» What you are asked to do:
Transcribe every line of the material below without change, apart from dropping the pictures.

» Recorded data:
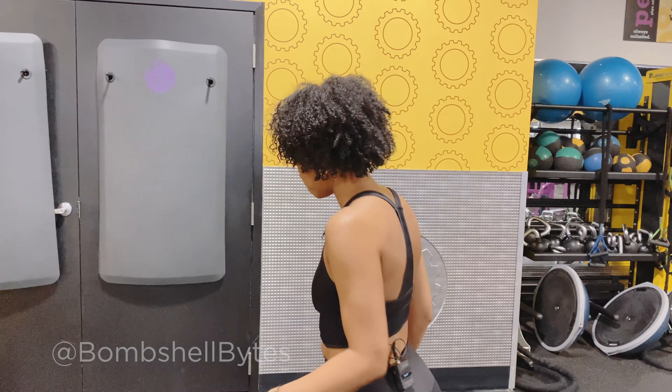Welcome to Bombshell Bites. I'm Dominique Williams-Flair, and today we're going to get into a great exercise that's great for your posture, strengthening your core, and some of your legs. Good for your glutes, too. And this is Bridge Pose with yoga.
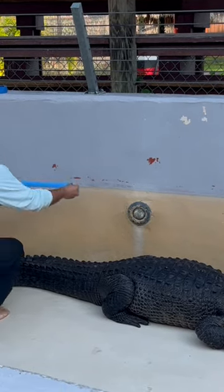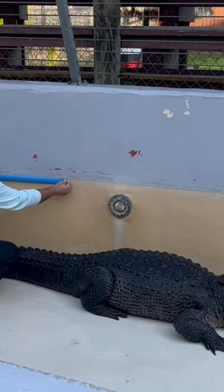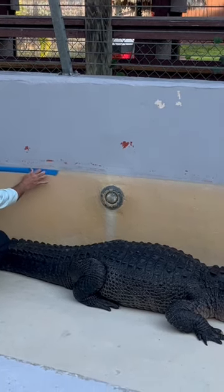If you don't mess with him, believe it or not, he won't actually mess with you. So we're just going to walk the tape.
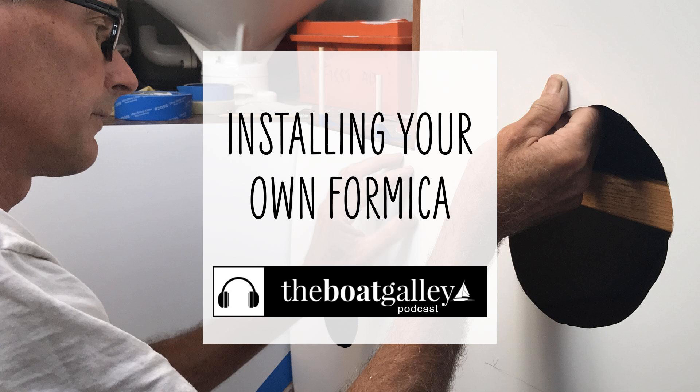A suggestion is that, particularly if you have lots of places on the boat where you want Formica, you can order four by eight foot sheets. They come in a roll from a lot of big box stores. We haven't found them on the shelves, but we've had great success ordering from Home Depot.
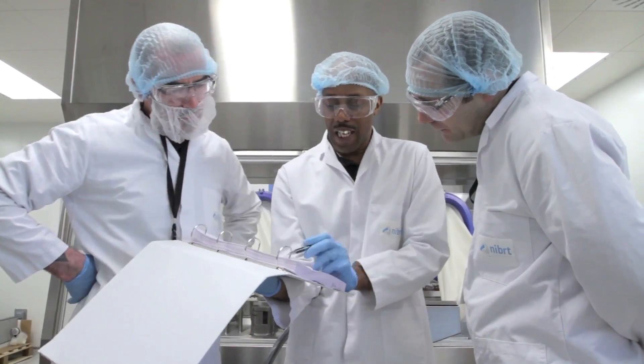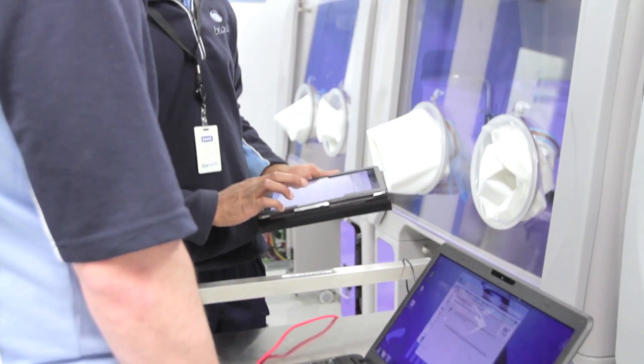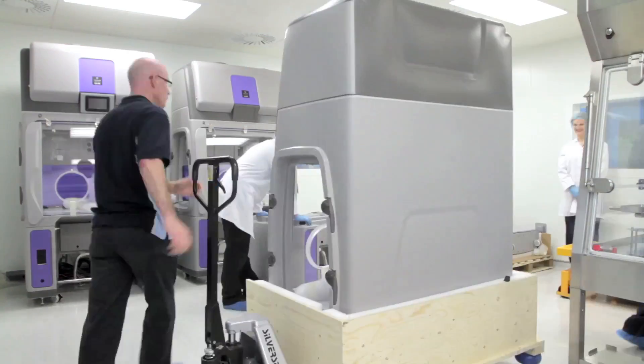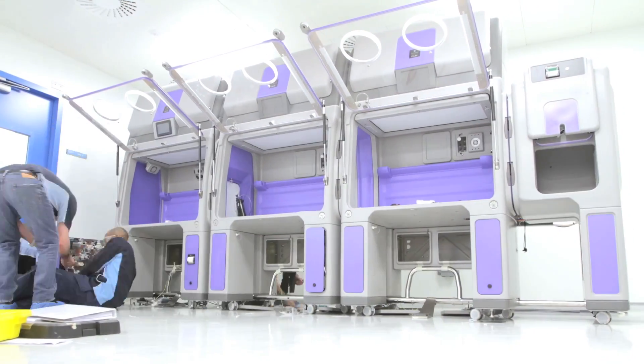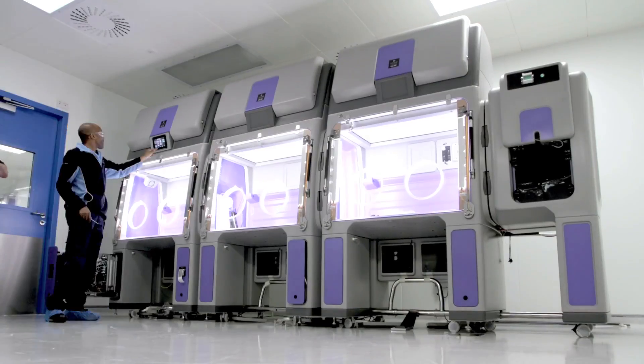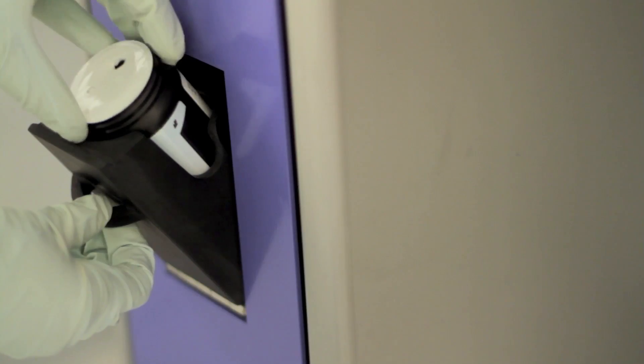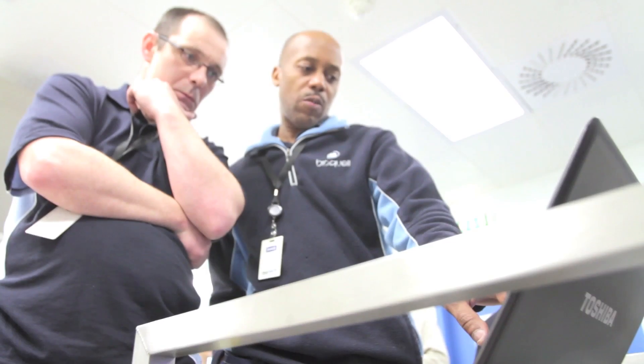Additionally, the Cube can be fully operational including IQ-OQ testing in under 5 days. What makes the Cube unique is that it features an integrated gassing system so it can become aseptically clean in just 90 minutes.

» Solved exercise:
Welcome to Bombshell Bites. I'm Dominique Williams-Flair, and today we're going to get into a great exercise that's great for your posture, strengthening your core, and some of your legs. Good for your glutes, too. And this is Bridge Pose with yoga.
If you don't mess with him, believe it or not, he won't actually mess with you. So we're just going to walk the tape.
A suggestion is that, particularly if you have lots of places on the boat where you want Formica, you can order four by eight foot sheets. They come in a roll from a lot of big box stores. We haven't found them on the shelves, but we've had great success ordering from Home Depot.
Additionally, the Cube can be fully operational including IQ-OQ testing in under 5 days. What makes the Cube unique is that it features an integrated gassing system so it can become aseptically clean in just 90 minutes.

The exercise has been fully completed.